3.5 LC–MS/MS Analysis of iTRAQ-Labeled Fractions

1. 1.

   Peptide samples are analyzed using a Waters nanoACQUITY UPLC system coupled online to a LTQ Orbitrap Velos mass spectrometer outfitted with a custom electrospray ionization interface.

2. 2.

   The capillary column is prepared in-house by slurry packing 3-μm Jupiter C18 bonded particles into 35-cm × 360 μm o.d. × 75 μm i.d. fused silica using a 1-cm sol-gel frit for media retention.

3. 3.

   Electrospray emitters are custom built using 150 μm o.d. × 20 μm i.d. chemically etched fused silica.

4. 4.

   Mobile phase flow rate is 300 nL/min and consisted of 0.1 % formic acid in water (A) and 0.1 % formic acid in ACN (B) with a gradient profile as follows (min:%B): 0:5, 2:7, 120:25, 125:68, 129:80, 130:5.

5. 5.

   The LTQ Orbitrap Velos mass spectrometer is operated under the following conditions: the ion transfer tube temperature and spray voltage are 300 °C and 1.8 kV, respectively; Orbitrap spectra (automatic gain control (AGC): 3 × 10⁶) are collected from 300 to 1800 m/z at a resolution of 30,000 followed by data-dependent higher energy collisional dissociation (HCD) MS/MS (centroid mode, at a resolution of 7500, collision energy 45 %, activation time 0.1 ms, AGC 5 × 10⁴) of the 10 most abundant ions using an isolation width of 2.5 Da; charge state screening is enabled to reject unassigned and singly charged ions; A dynamic exclusion time of 30 s is used to discriminate against previously selected ions (within −0.55 to 2.55 Da).

3.6 Data Analysis

1. 1.

   Peptides and proteins are first identified using MS-GF+ [10] which considers static mods of carbamidomethylation (+57.0215 Da) on Cys residues, 4-plex iTRAQ modification (+144.1021 Da) on the peptide N-terminus and Lys residues, and dynamic oxidation (+15.9949 Da) on Met residues when searching against a human protein sequence database (e.g., UniProt; trypsin and keratin contaminant sequences are often included as well).
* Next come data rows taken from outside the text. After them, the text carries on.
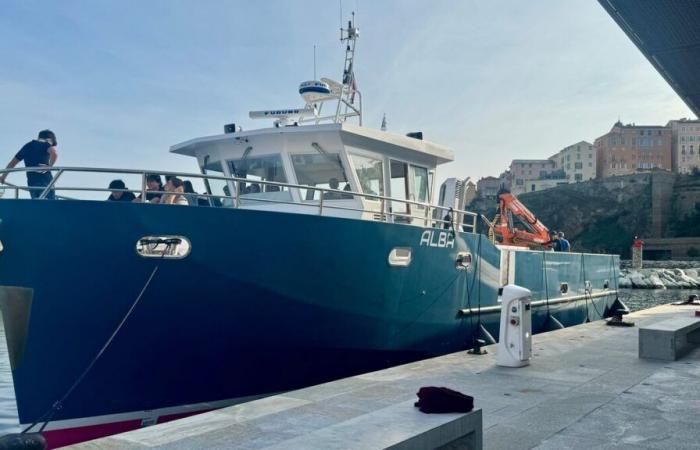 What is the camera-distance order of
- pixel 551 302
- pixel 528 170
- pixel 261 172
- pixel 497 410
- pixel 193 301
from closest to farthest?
pixel 497 410, pixel 193 301, pixel 261 172, pixel 551 302, pixel 528 170

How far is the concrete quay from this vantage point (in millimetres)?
3230

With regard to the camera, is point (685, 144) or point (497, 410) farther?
point (685, 144)

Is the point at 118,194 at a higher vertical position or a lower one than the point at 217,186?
lower

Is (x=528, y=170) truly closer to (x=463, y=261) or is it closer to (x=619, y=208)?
(x=619, y=208)

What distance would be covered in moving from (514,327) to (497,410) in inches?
79.7

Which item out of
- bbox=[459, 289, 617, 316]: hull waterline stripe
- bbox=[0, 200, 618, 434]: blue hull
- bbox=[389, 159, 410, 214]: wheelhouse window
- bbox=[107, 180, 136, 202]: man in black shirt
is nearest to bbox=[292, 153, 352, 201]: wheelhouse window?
bbox=[389, 159, 410, 214]: wheelhouse window

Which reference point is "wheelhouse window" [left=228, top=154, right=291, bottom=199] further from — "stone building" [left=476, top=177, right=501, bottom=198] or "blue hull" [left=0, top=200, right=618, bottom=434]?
"stone building" [left=476, top=177, right=501, bottom=198]

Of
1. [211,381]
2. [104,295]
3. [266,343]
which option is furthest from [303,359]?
[104,295]

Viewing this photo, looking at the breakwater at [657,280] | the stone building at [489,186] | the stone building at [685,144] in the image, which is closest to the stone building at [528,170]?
the stone building at [489,186]

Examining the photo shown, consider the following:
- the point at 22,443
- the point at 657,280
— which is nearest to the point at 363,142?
the point at 22,443

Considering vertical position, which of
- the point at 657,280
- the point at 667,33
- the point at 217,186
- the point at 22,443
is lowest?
the point at 657,280

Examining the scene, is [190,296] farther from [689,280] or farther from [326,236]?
[689,280]

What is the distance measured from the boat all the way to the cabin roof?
0.03m

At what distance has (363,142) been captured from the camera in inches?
323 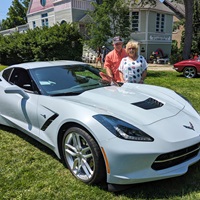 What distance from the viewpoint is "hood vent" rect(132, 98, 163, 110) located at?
2840 millimetres

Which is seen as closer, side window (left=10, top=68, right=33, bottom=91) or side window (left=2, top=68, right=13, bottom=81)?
side window (left=10, top=68, right=33, bottom=91)

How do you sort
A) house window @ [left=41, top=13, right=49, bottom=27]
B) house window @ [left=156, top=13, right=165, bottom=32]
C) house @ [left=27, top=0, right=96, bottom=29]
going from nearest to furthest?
house @ [left=27, top=0, right=96, bottom=29] → house window @ [left=156, top=13, right=165, bottom=32] → house window @ [left=41, top=13, right=49, bottom=27]

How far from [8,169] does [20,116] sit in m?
0.82

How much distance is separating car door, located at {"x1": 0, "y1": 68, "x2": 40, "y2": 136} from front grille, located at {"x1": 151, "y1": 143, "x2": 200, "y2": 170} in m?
1.72

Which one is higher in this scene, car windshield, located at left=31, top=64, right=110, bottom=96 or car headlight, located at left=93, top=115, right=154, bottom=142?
car windshield, located at left=31, top=64, right=110, bottom=96

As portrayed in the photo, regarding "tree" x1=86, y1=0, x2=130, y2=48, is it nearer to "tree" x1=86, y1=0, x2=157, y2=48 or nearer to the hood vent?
"tree" x1=86, y1=0, x2=157, y2=48

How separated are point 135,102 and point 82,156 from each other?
0.95 metres

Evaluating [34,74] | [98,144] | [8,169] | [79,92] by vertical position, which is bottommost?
[8,169]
Other settings for MS-GF+ database search include ±10 ppm tolerance for parent ion mass error and, 0.5 m/z tolerance for fragment ion mass error, partially tryptic search, and target decoy database searching strategy [11, 12] for estimation of false discovery rate (FDR).

2. 2.

   Spectral identification files from step 1 above are converted to IDPicker3 index files (idpXML) and then used for protein assembly using IDPicker3 [13]. Peptide identification stringency is set at a maximum of 1 % peptide-to-spectrum matches (PSMs) FDR and a minimum of two unique peptides to identify a given protein within the full data set.

3. 3.

   The intensities of all four iTRAQ reporter ions are extracted using MASIC software [14]. The PSMs which pass the confidence threshold as described above are linked to the extracted reporter ion intensities by scan number. The reporter ion intensities from different PSMs resulting in the same peptide identification (i.e., different scans in the same and different bRPLC fractions) are summed to represent arbitrary abundance measurement for that peptide; the reporter ion intensities are further summed across all the peptides derived from the same protein to represent arbitrary protein abundance measurement.

4. 4.

   The relative protein abundances are then log2 transformed and accessed for the errors during tryptic peptide concentration measurement and pipetting steps (prior to combining the four samples labeled by different iTRAQ reagents) , and sample-to-sample normalization coefficients (shifts in log2 scale) are calculated. For a given sample, the log2 normalization coefficient is derived as average log2 for a subset of proteins that are quantified across all samples.

5. 5.

   Changes in protein abundance across the four different samples can be accessed by comparing the normalized and log2 transformed reporter ion intensity values.

6. 6.

   The same data analysis workflow can also be applied for comprehensive quantitative proteomic analysis across a large sample cohort (see Note 14 ).